A man accused of murdering and dismembering a woman in Caracas has become the poster boy for the latest Venezuelan government conspiracy theory: that Sen. Marco Rubio and Rep. Ileana Ros-Lehtinen are personally paying opposition members to destabilize the socialist regime. A report alleges the murderer has deep ties to the Venezuelan socialist regime.
José Rafael Pérez Venta, who has been arrested in relation to the discovery of the body of 53-year-old Liana Hergueta, is the star of a new video airing multiple times on Venezuelan television in which he claims he was deeply embedded in the anti-socialist Venezuelan resistance, and the Sen. Rubio, Rep. Ros-Lehtinen, and Phil Laidlaw, an employee at the American embassy in Caracas paid for counter-revolutionary activity through a woman named Betti Grossi. He claims Laidlaw paid him personally $1,000.
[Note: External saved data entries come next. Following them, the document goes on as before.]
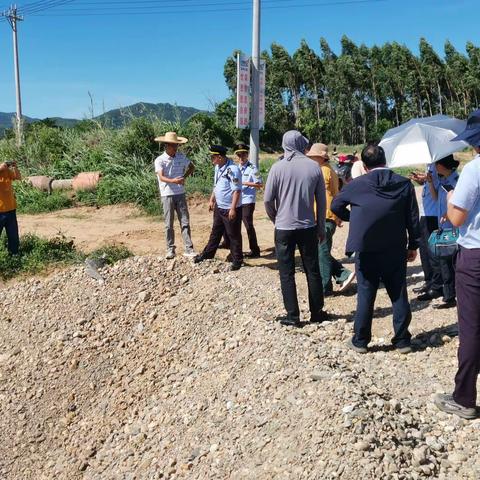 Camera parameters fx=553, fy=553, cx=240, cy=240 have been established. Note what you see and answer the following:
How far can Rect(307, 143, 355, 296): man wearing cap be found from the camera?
5191 mm

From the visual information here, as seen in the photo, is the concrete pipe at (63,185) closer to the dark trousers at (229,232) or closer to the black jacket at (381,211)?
the dark trousers at (229,232)

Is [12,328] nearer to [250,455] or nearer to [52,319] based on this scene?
[52,319]

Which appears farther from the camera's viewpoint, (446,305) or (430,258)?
(430,258)

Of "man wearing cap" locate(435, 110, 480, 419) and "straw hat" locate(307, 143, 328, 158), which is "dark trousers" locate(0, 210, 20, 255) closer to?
"straw hat" locate(307, 143, 328, 158)

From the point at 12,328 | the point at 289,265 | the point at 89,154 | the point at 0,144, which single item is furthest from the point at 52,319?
the point at 0,144

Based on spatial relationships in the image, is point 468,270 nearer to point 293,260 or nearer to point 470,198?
point 470,198

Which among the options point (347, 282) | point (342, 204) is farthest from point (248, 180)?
point (342, 204)

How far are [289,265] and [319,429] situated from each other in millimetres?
1738

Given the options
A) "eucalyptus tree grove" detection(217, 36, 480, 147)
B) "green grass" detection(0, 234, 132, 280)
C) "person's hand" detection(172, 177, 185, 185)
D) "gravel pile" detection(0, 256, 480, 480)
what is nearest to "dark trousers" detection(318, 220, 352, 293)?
"gravel pile" detection(0, 256, 480, 480)

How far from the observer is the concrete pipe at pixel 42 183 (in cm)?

Pérez Venta also accuses senior members of the Venezuelan resistance movement, including ousted legislator María Corina Machado and political prisoner Leopoldo López, of being involved in the conspiracy. On the American side, he claimed for good measure that actress María Conchita Alonso also had a hand in the scheme, as well as former Colombian President Álvaro Uribe.
He does not specify what he was paid to do. A Twitter account baring his name prominently features images of the Venezuelan opposition leadership, though it is not confirmed whether he controls this account.
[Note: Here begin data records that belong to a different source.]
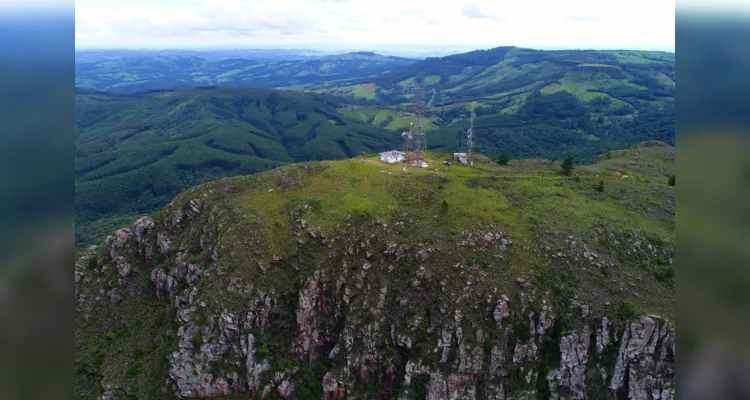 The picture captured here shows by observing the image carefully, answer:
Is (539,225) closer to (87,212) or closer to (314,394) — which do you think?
(314,394)

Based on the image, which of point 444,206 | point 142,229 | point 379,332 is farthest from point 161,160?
point 379,332

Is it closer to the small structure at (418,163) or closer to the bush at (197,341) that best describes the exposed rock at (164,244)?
the bush at (197,341)

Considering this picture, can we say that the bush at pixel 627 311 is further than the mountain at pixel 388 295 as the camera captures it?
No

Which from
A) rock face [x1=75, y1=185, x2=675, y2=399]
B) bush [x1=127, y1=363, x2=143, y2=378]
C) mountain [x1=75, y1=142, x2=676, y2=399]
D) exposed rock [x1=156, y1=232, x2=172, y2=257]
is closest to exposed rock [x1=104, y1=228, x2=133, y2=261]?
mountain [x1=75, y1=142, x2=676, y2=399]

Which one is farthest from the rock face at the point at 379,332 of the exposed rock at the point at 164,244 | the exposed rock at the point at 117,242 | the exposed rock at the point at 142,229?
the exposed rock at the point at 142,229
The video first aired on Venezuelan television on Tuesday. Venezuelan President and television host Nicolás Maduro claimed Pérez Venta was one of a large group of members of “30 groups trained and financed through Colombia, through Álvaro Uribe’s paramilitaries.” “This group, connected to the highest levels of Colombian right-wing leadership as well as the Venezuelan right, had plans to assassinate well-known political leaders.”
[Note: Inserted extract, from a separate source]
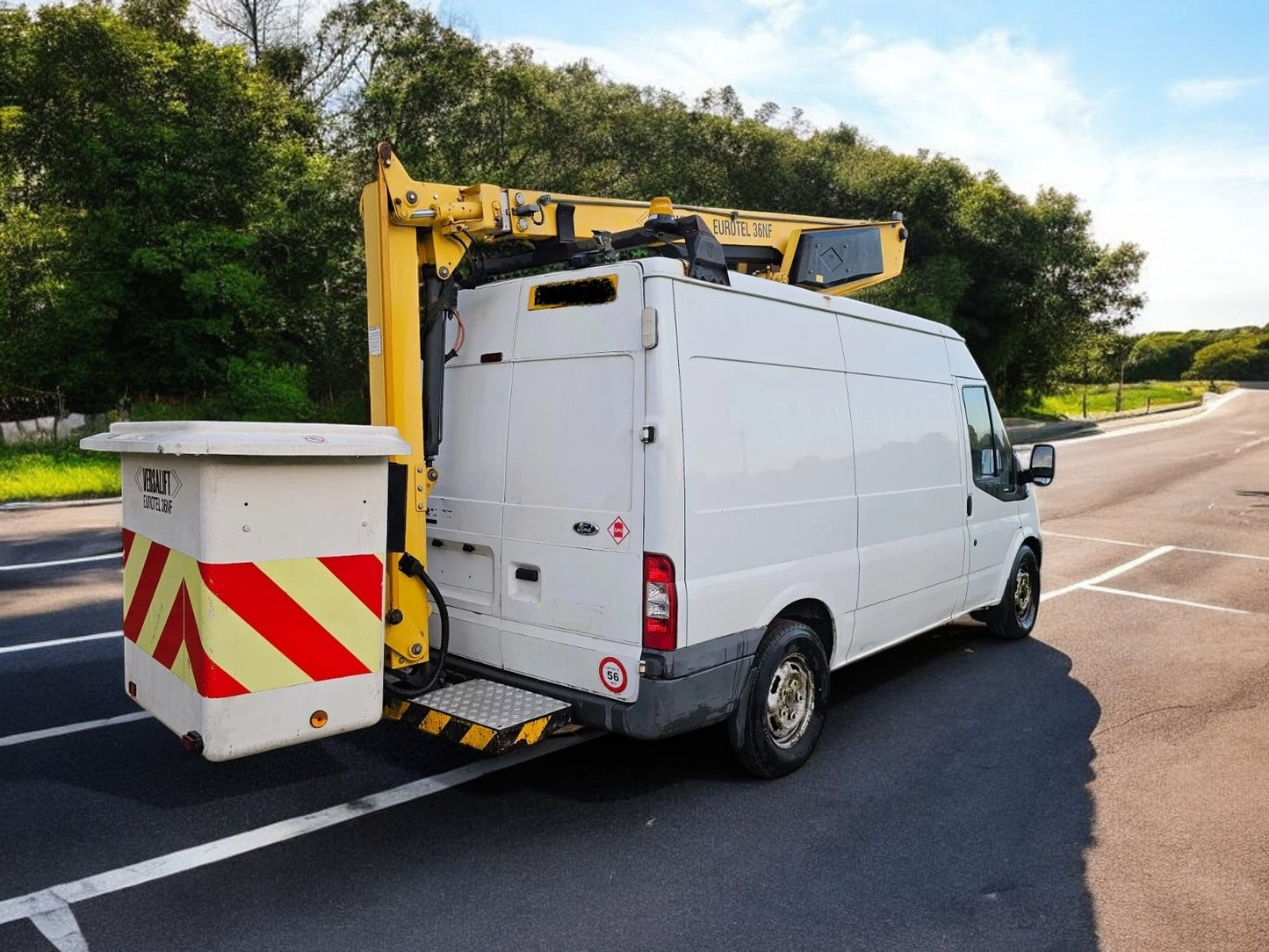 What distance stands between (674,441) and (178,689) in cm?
231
Venezuela’s second-in-command and accused drug lord Diosdado Cabello also aired the video on his TV show, where he accused all the Americans implicated of being “rotten perverts.”
Neither Pérez Venta in the video nor the government officials promoting it have connected Hergueta’s murder to the greater political scheme proposed.
On his television program, Cabello mentions a woman named Araminta González, who was arrested under terrorism charges for allegedly plotting to attack the Venezuelan socialist regime. He notes that “cooperating patriots” handed her over to authorities, without noting that Pérez Venta himself turned her in.
The Pan-American Post notes that a report from a Spanish outlet found that Pérez Venta and an accomplice robbed González while having convinced her to let them stay in her home. The latter report is from May 2015, long before Pérez Venta became a household name in Venezuela. The Post then did a background internet search on Pérez Venta, finding that his Twitter account posted pro-Chávez and pro-socialist propaganda long before switching sides (the account was opened in 2010) and that photos of him appear in official Armed Forces papers, suggesting he once served under military chief Cabello.
“Nicolas Maduro has said the late Hugo Chavez once visited him as a reincarnated bird, and it sounds like he’s having another similar episode,” Sen. Rubio said of the affair to The Miami Herald, adding that Maduro was “a corrupt clown.” Rep. Ros-Lehtinen called it a “distraction.”